So I think what you want to do is this:

You will want to write one or more classes that subclasses PseudoClock. I think you'll probably want one class per type of board, but you could in theory create a generic class that is configured by parameters at instantiation (eg, the number of analog outputs could be a parameter of __init__ rather than hard-coded to a class, but that is up to you!)

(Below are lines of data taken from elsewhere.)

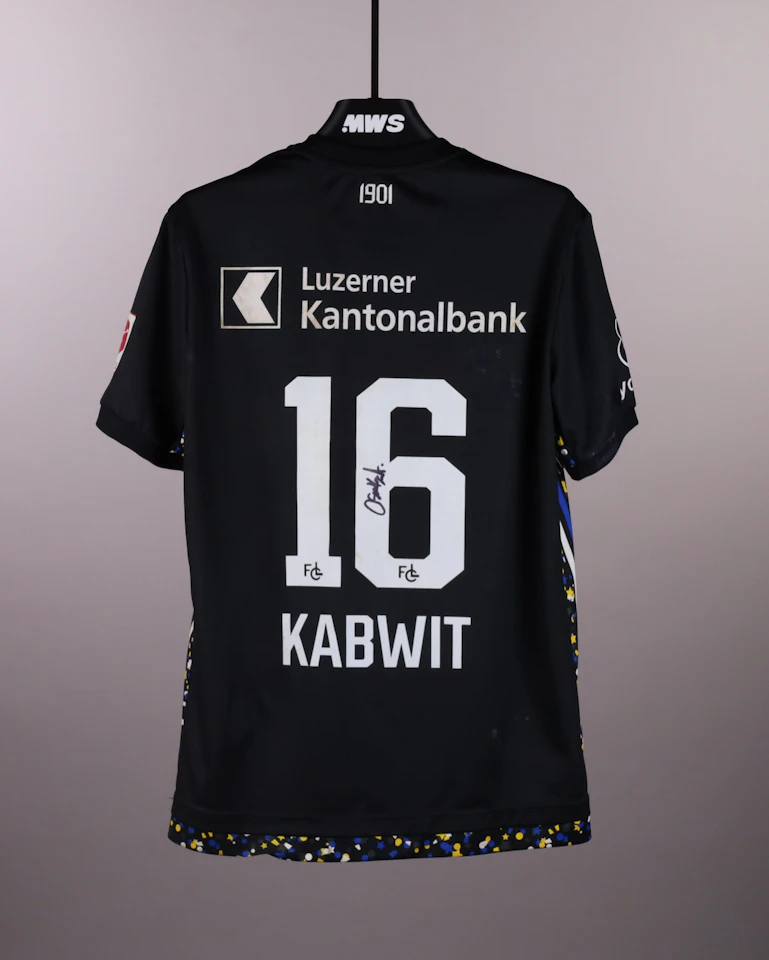 来自FC Luzern的Oscar Kabwit tshikomb球衣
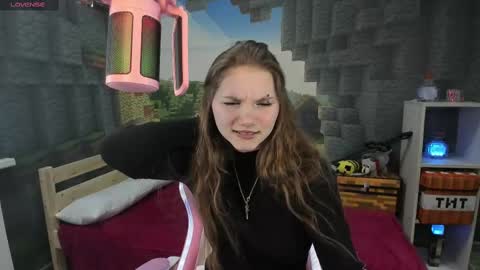 Snapshot of lisaporters chatting on 03-05-25, 08:21 Lisa online show from 03-05-25, 08:21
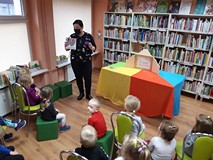 Zachęcanie grupy przedszkolaków do wzięcia udziału w akcji Mała Książka Wielki Człowiek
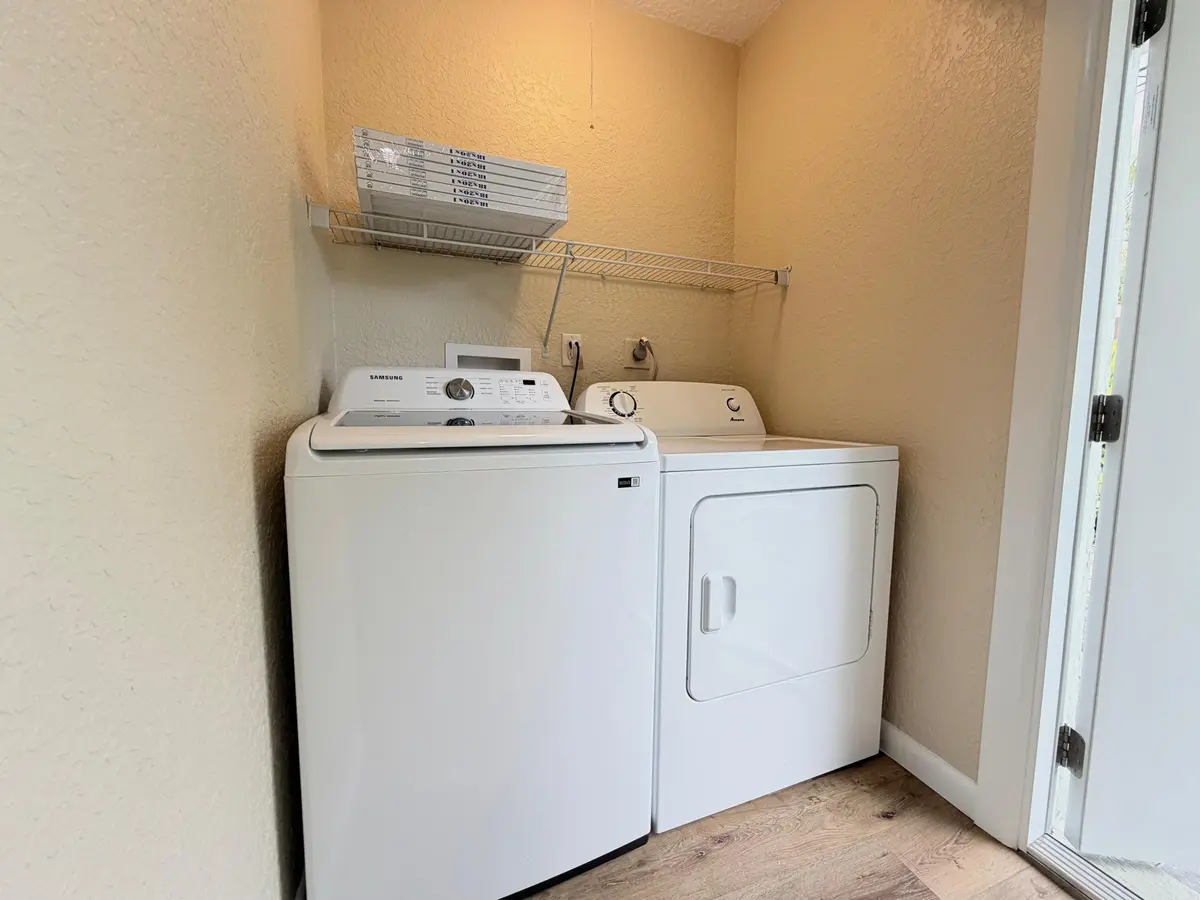 WhatsApp Image 2026-08-25 at 17.13.09 (4 at 8748 Sunset Drive, Palm Beach Gardens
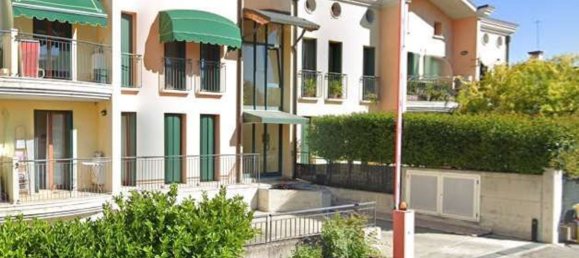 6 rooms Apartment in Chiarano, Italy No. 213011 16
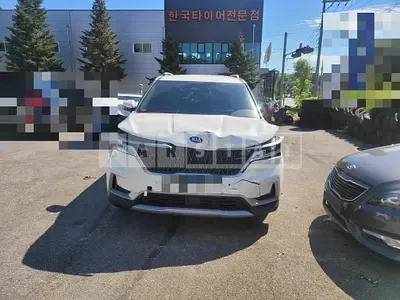 Photo 1 of 7: 2021 Kia Carnival 2.2 — Korean insurance auction
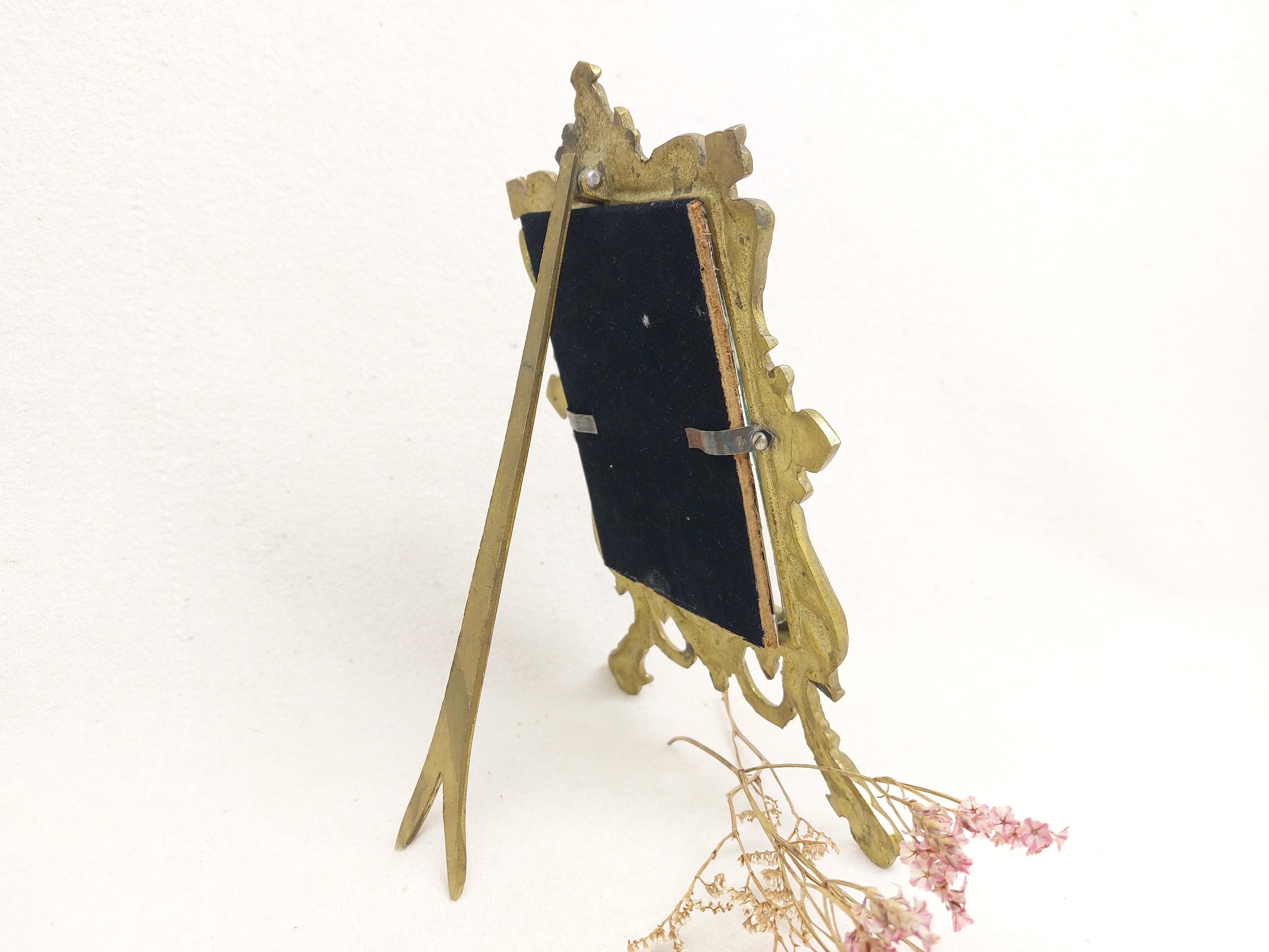 Baroque Brass Flat Frame Photo Stand – 25cm Height, Made In Italy Style, Unbranded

Your PseudoClock subclass(es) will need to override the generate_code() method. You can see an example in the PineBlaster and PulseBlaster subclasses (the PineBlaster and PulseBlaster are good references for pseudoclock implementations by the way). You'll notice that the first line of the PineBlaster.generate_code() and PulseBlaster.generate_code() methods call Pseudoclock.generate_code()You'll want to do this too. Now the PseudoClock.generate_code() method calls self.generate_clock(). You'll want to override the method called generate_clock() in your subclass(es) to change the default behaviour (do not call PseudoClock.generate_clock() from your generate_code method, calling PseudoClock.generate_code()results in your generate_clock method being called). You will want to copy and paste the code from the PseudoClock.generate_clock() method, into your generate_clock() method, and them modify it slightly. First I'll step you through what the important parts of that code fragment:

def generate_clock(self)
          # These lines are pretty self-explanatory. You shouldn't need to modify them
    outputs = self.get_all_outputs()
    self.do_checks(outputs)
    self.offset_instructions_from_trigger(outputs)
    
    #This returns an array of time points at which at least one of the channels/devices connected to the pseudoclock
    # has requested a state change
    change_times = self.collect_change_times(outputs)

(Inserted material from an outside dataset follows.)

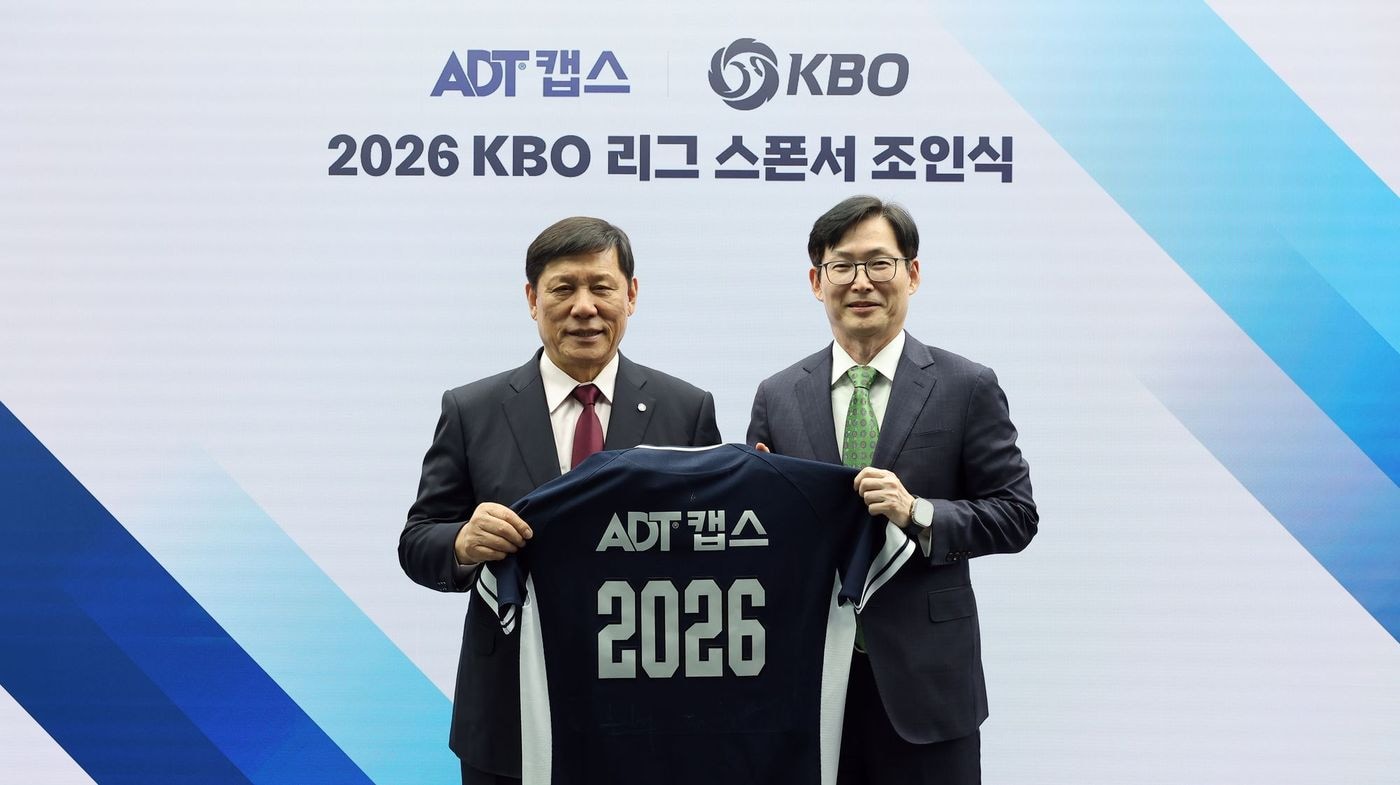 한국야구위원회(KBO)는 SK쉴더스의 물리보안 브랜드 ADT캡스와 24일 KBO 스튜디오에서 조인식을 갖고 2026 신한 SOL KBO리그 공식 스폰서십을 체결했다고 25일 밝혔다.(KBO 제공)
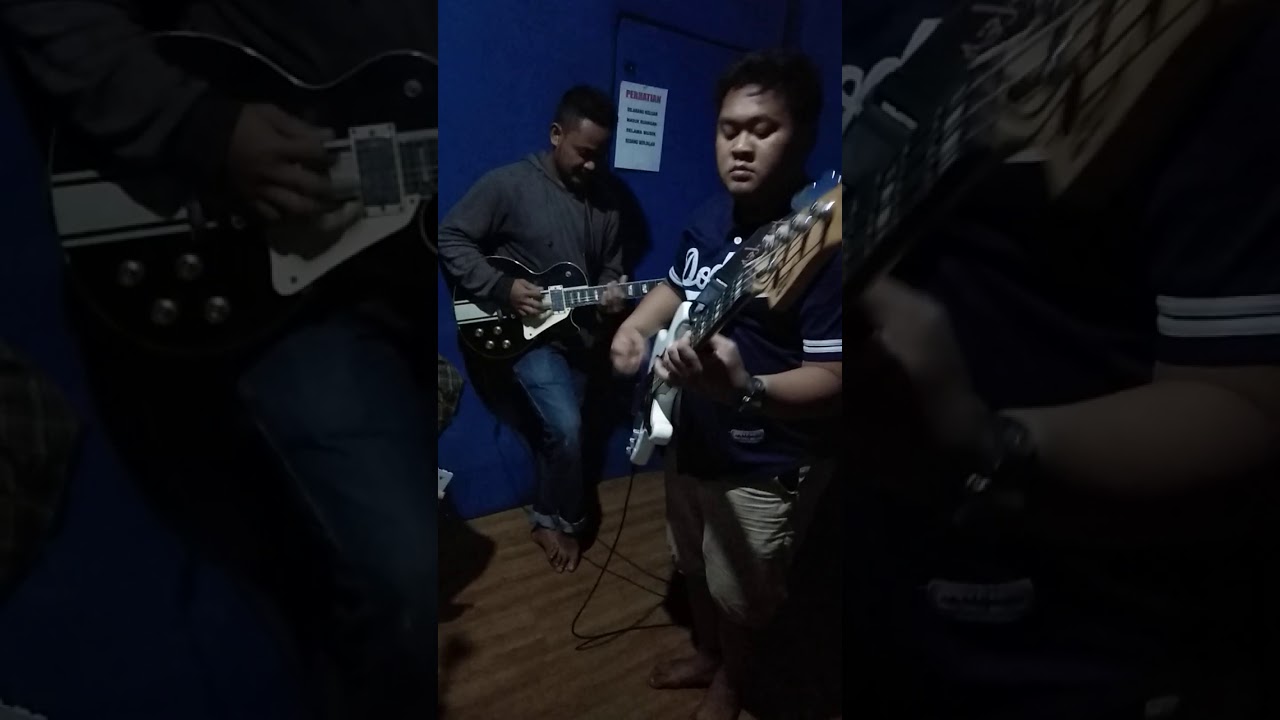 Meraih mimpi J'rock Cover Capruk Band :D - YouTube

    # This now loops over all outputs (including all channels on devices, like NI cards, that are clocked by this pseudoclock)
    # and gets them to effectively generate dummy instructions for all of the change_times that haven't already explicitly had an
    # instruction set
    for output in outputs:
        output.make_timeseries(change_times)

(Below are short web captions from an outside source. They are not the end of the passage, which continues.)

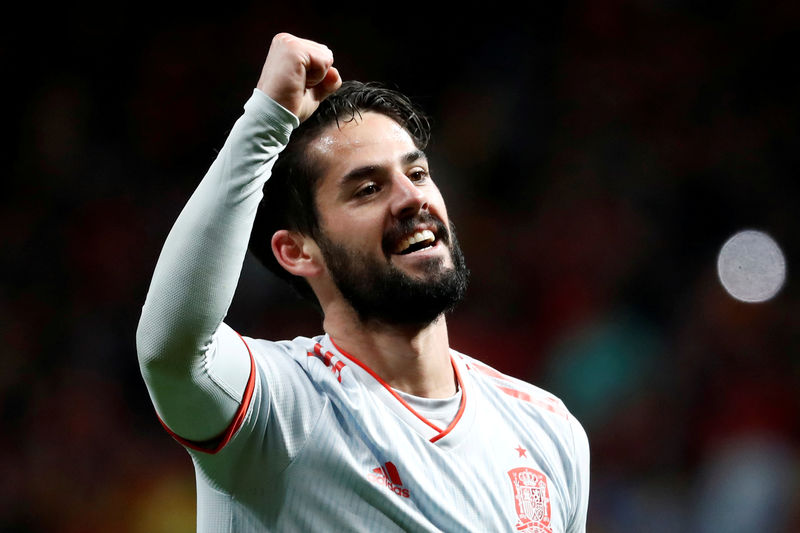 © Reuters. Isco lamenta no jugar más en el Madrid tras brillar con España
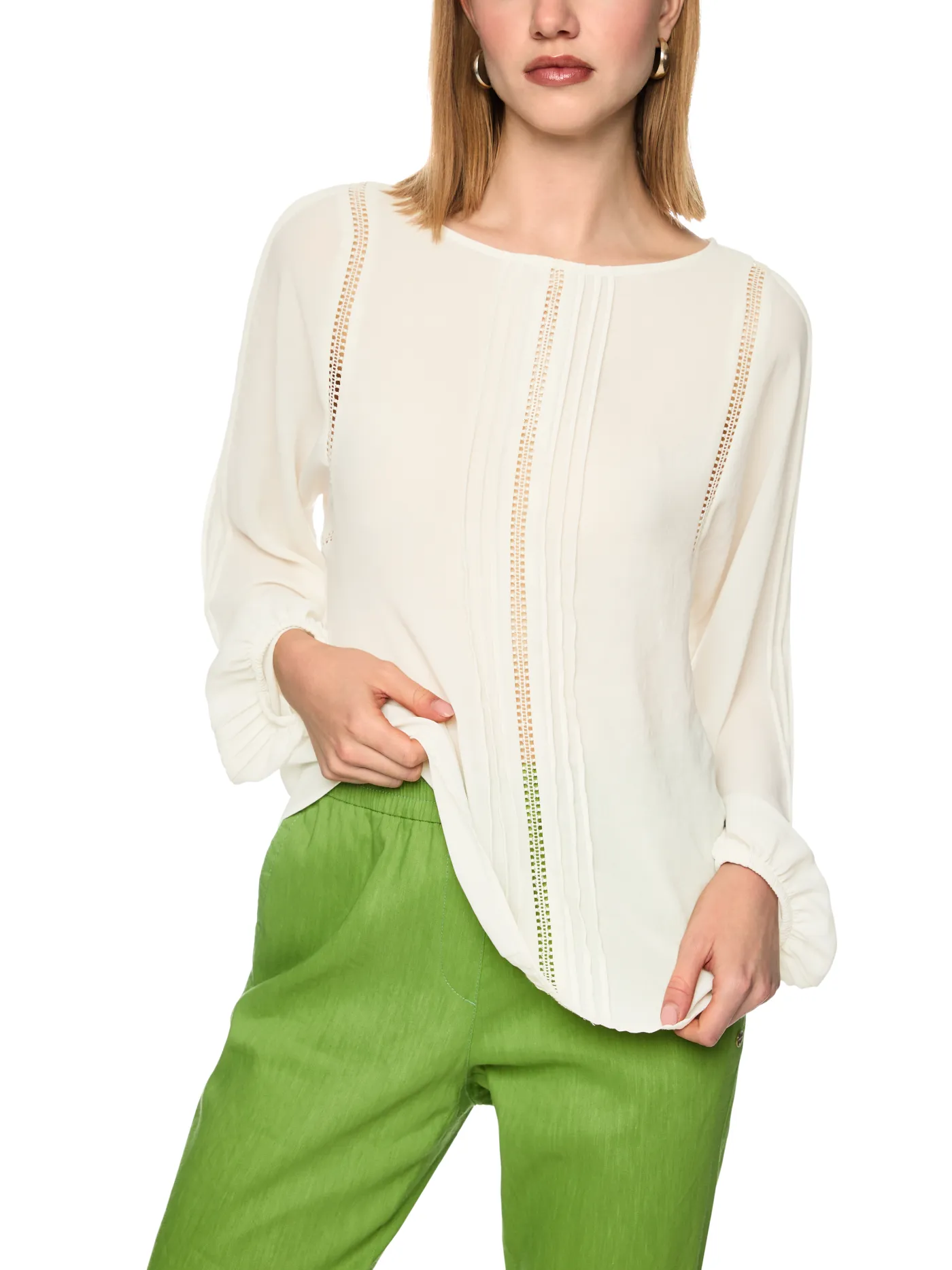 Bluse mit Spitze und Biesen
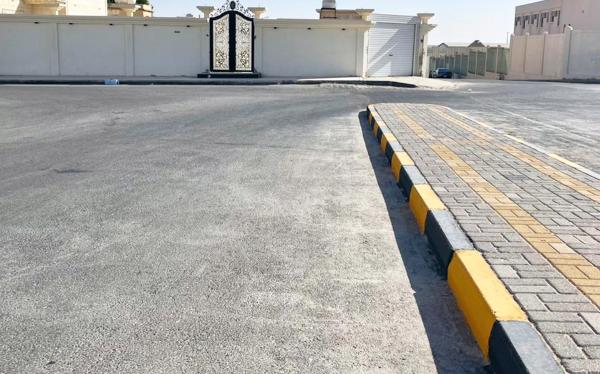 تحسين الأرصفة في أحياء ومداخل النعيرية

    # This method creates two things:
    #    all_times: a list of times....sortof. Each element is either a single time point, 
    #               or a numpy array of time points. This is usually used by each Output instance
    #               to generate output values at the times the clock will tick.
    #    clock: a high level description of the clock, stored as a list of dictionaries. 
    #           The dictionaries have information like the start time of this clock instruction
    #           the temporal step size, and the number of ticks at this step size
    #           So each dictionary can represent multiple clock ticks at a given rate.
    all_times, clock = self.expand_change_times(change_times, outputs)
    
    # This tells the Output instances to generate the output values for the times the clock will tick at
    for output in outputs:
        output.expand_timeseries(all_times)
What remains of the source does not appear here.